Ontstaan van een verdwijngat en een karstbron, hier bij de Lesse (België)
Chantoir du Sotait

Een verdwijngat of chantoir(e) is een plek waar een beek in de grond verdwijnt en ondergronds verder stroomt. De benaming chantoir is afgeleid van het Waalse tchantwère en wordt voornamelijk gebruikt in België en in het noorden en oosten van Frankrijk. Wanneer de stroom in de grond verdwijnt, lijkt het geluid van het water op zingen en zo werd het aangeduid met het woord chantoire dat zingen betekent.

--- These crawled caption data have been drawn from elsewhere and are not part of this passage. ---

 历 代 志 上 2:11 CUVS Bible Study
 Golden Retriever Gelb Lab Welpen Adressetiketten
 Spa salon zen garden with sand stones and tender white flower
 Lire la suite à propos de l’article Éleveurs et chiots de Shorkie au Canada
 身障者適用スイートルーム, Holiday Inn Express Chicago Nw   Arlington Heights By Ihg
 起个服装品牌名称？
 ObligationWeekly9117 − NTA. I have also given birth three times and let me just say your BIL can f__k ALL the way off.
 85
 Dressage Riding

Ontstaan[bewerken | brontekst bewerken]

Een verdwijngat kan gevormd worden in een kalklandschap. De ondergrondse voortzetting van een watergang wordt karstrivier genoemd. Kalksteen is van zichzelf weinig permeabel (doorlatend) en vaak tamelijk rigide van structuur. Als een kalksteenlaag onder druk staat ontstaan breuken waarlangs grondwater omlaag sijpelt. De kalk aan weerszijden van de breuk lost op waardoor de breuk wijder wordt en meer grondwater naar beneden wordt afgevoerd. Dit verschijnsel heeft tot gevolg dat in kalkgebieden weinig stromen bovengronds lopen. Ze verdwijnen al snel in de bodem waarbij diepe, verticale schachten (karstpijpen) kunnen ontstaan met soms een metershoge waterval.

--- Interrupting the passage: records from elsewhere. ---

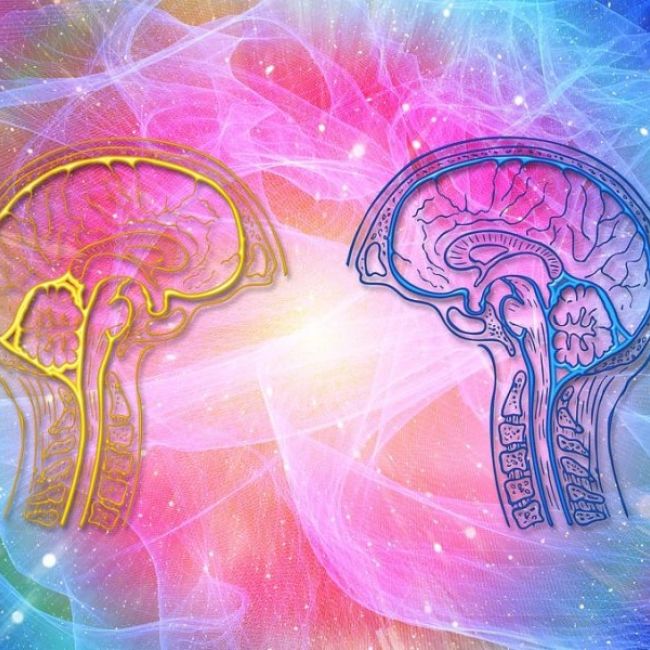 Psicología y psicoterapia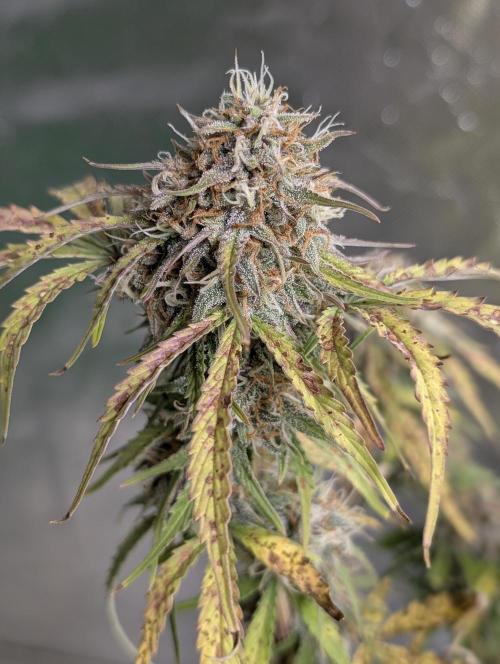 Cotton Berry Rush Auto x4. Week 12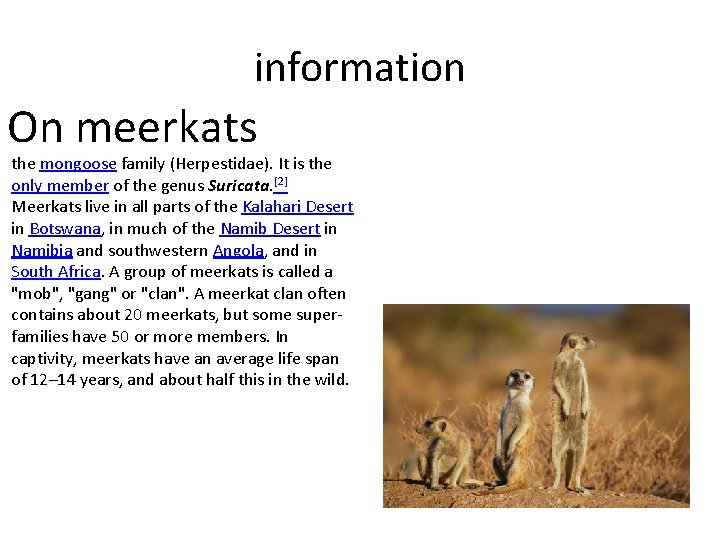 information On meerkats the mongoose family (Herpestidae). It is the only member of the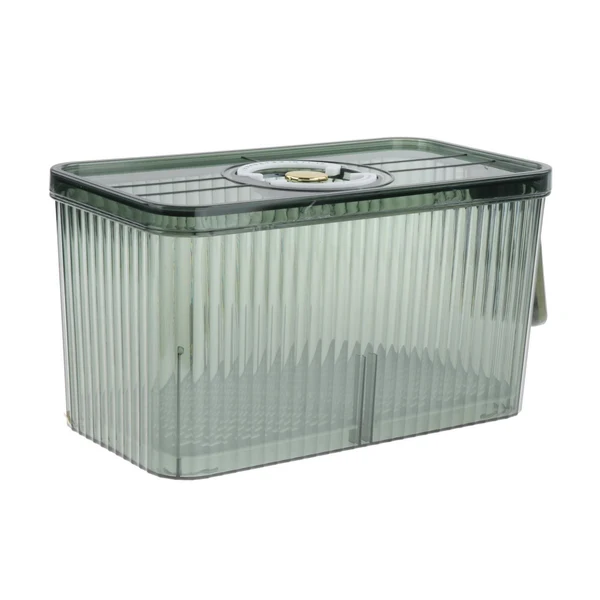 Easy-to-Use Maxbell Fridge Organizer Container with Handle with Freshness Timer Lid for Kitchen large green Exceptional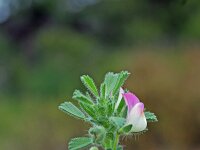 Ononis reclinata 2, Saxifraga-Jeroen Willemsen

België[bewerken | brontekst bewerken]

De chantoires zijn voornamelijk gelegen in de provincie Luik in de regio's Condroz en Ardennen. Er zijn in de Vallei der Chantoirs (Vallon des Chantoirs) tussen Louveigné en Remouchamps verscheidene verdwijngaten. Ook in de dorpen Harzé, Xhoris, Filot en bij de Roche aux Faucons zijn meerdere chantoires bekend.